Kesimpulannya didasarkan pada indikator-indikator seperti pola perdagangan kepemilikan utama oleh entitas terkait negara, arus masuk ke dana yang diperdagangkan di bursa (ETF) berbasis indeks tertentu, dan pembelian orang dalam (insider) saham di badan usaha milik negara (BUMN), termasuk para analis. Si Fu dan Raja Lau menjelaskan dalam laporannya.
Lima ETF teratas yang disukai oleh Tim Nasional melonjak sebesar 90 miliar yuan (US$12,3 miliar) dalam jumlah langganan bersih pada bulan Agustus, katanya.
Saham-saham Tiongkok tetap lesu bahkan setelah serangkaian langkah-langkah pendukung untuk meningkatkan pertumbuhan ekonomi dan menopang ekuitas, termasuk pelonggaran pembatasan pembelian properti dan pemotongan bea meterai yang harus dibayar atas transaksi pasar saham. Investor, khususnya fund manager global, ragu apakah langkah-langkah kecil ini dapat mempertahankan pemulihan pertumbuhan.
Aksi jual oleh investor luar negeri berlanjut selama dua bulan berturut-turut di bulan September. Indeks CSI 300 dari saham-saham yang diperdagangkan dalam yuan telah turun sekitar 6 persen tahun ini.
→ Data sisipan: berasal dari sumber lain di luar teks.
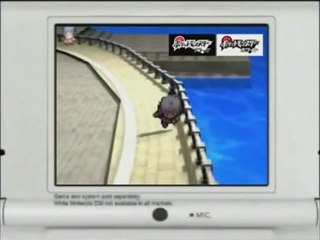 FAKE de Pokémon version Noir et Blanc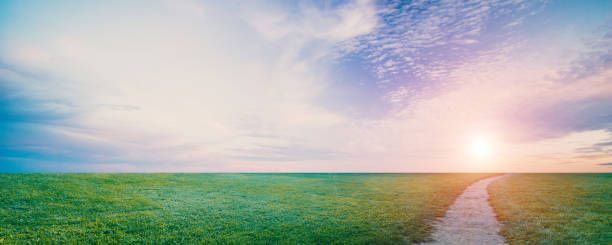 istock Natural field landscape, sky and clouds 1193534547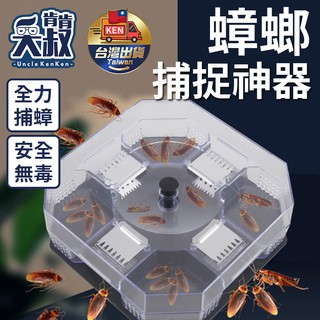 【臺灣現貨】蟑螂屋 蟑螂捕捉器 滅蟑 蟑螂誘捕器 防治蟑螂 蟑螂捕抓器 捕蟑器 蟑螂剋星 蟑螂藥 蟑螂盒 殺蟑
Tim Nasional diperkirakan telah mengumpulkan kepemilikan saham dalam negeri yang setara dengan 3,5 persen dari total kapitalisasi pasar, atau sekitar 2 triliun yuan, menurut Goldman.
Secara strategis, saham-saham dalam negeri Tiongkok tetap menjadi pilihan utama untuk alokasi ekuitas dibandingkan saham-saham luar negeri, karena sensitivitasnya yang lebih rendah terhadap ketegangan geopolitik dan aliran likuiditas luar negeri, serta keselarasan sektor yang lebih baik dengan arah kebijakan, menurut Goldman.
“Alat yang paling efektif untuk menstabilkan harga aset, menghidupkan kembali kepercayaan investor dan menghilangkan risiko sistemik (yang tersisa) yang tertanam dalam penilaian aset adalah pembelian ekuitas secara langsung oleh pemerintah (atau entitas yang disponsori), seringkali dalam skala besar dan dengan pemerintah/perusahaan. bank sentral bertindak sebagai pilihan terakhir dalam hal likuiditas dan penyediaan pendanaan,” kata Goldman dalam laporannya.